Beyond having worked as assistant and associate curator for many gallery and museum exhibitions, Malick’s independent curatorial practice has also expanded and continues to take a range of dynamic forms. In the summer of 2016 she curated an exhibition titled The Pleasure Principle at FARAGO in Los Angeles, which presents work by artists Lucy Chinen (Los Angeles); Matthew Doyle in collaboration with Yuehao Jiang (Los Angeles); Yoshua Okon (Mexico City); Ada Sokol (Berlin); Ryan Trecartin (Los Angeles) and Whitney Vangrin (New York). The Pleasure Principle reveals how each of these artists, in different ways, use aspects of their work to examine the cultural and consumer effects of the encroaching industry of neuro-marketing and its problematic role within current advancements of cognitive capitalism. Neuro-marketing brings data from neuroscience findings on how individuals' cerebral pleasure centers are triggered to advertising strategies. 

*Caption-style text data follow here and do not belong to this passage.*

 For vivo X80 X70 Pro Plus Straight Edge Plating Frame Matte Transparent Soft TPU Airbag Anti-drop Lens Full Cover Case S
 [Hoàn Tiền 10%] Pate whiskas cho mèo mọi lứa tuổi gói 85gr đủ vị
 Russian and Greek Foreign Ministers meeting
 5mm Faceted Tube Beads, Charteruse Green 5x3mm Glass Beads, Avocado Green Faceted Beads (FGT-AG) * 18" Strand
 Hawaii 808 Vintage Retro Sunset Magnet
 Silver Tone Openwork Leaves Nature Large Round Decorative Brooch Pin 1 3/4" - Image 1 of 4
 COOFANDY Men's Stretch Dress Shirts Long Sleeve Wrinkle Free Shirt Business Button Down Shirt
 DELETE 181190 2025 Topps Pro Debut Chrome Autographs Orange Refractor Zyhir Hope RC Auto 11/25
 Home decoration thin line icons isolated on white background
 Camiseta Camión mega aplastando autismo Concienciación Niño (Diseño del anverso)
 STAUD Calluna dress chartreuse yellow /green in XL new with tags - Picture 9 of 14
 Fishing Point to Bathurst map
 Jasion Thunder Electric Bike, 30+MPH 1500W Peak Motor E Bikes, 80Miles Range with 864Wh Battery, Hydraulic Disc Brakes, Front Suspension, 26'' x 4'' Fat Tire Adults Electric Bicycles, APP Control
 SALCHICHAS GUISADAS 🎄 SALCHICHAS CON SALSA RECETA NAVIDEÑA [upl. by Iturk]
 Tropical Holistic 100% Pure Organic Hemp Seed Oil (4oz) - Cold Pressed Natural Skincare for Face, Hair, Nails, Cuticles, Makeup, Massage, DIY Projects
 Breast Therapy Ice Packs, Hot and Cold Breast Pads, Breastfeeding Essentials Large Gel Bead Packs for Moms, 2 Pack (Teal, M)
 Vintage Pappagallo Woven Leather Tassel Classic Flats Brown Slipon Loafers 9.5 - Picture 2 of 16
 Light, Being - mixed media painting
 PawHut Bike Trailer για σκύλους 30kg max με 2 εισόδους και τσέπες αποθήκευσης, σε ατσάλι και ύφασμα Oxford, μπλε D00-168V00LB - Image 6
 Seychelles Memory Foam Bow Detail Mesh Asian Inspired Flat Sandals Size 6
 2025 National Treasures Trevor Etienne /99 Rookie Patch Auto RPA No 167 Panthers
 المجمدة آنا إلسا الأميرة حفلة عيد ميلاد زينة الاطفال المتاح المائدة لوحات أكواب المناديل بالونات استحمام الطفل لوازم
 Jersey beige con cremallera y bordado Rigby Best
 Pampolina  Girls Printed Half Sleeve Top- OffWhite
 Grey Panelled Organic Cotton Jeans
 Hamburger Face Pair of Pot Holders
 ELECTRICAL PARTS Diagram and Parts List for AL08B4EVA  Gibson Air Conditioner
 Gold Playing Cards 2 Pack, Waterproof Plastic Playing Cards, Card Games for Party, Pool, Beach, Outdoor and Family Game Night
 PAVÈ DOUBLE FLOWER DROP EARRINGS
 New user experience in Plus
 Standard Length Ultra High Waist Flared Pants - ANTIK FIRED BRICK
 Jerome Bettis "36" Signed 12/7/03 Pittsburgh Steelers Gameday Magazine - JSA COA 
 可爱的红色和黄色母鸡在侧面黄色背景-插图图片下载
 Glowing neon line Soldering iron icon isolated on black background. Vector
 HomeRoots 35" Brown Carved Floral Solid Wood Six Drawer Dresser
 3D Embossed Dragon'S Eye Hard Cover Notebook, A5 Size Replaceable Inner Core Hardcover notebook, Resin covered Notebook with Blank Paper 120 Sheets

In 2016 Malick completed a year-long, two-part curatorial project titled, In the Flesh. The first exhibition, sub-titled, Part l: Subliminal Substances, took place at Martos Gallery in Los Angeles in the fall of 2015 and included artists Ivana Basic (New York); Encyclopedia Inc. (Los Angeles); Nicolas Lobo (Miami) and Sean Raspet (Los Angeles). The second exhibition, sub-titled, Part ll: Potential Adaptations, took place at Nina Johnson Gallery in Miami in the spring of 2016, and included artists, Ivana Basic (New York); Hannah Black (Berlin); Megan Daalder (Los Angeles); Cecile B. Evans (London) and Martha Friedman (New York). The project, in its entirety, shed light on ways that artists are addressing the effects of the many inorganic and synthetic substances that people are both knowingly and unknowingly ingesting into their bodies through all kinds of mass produced products.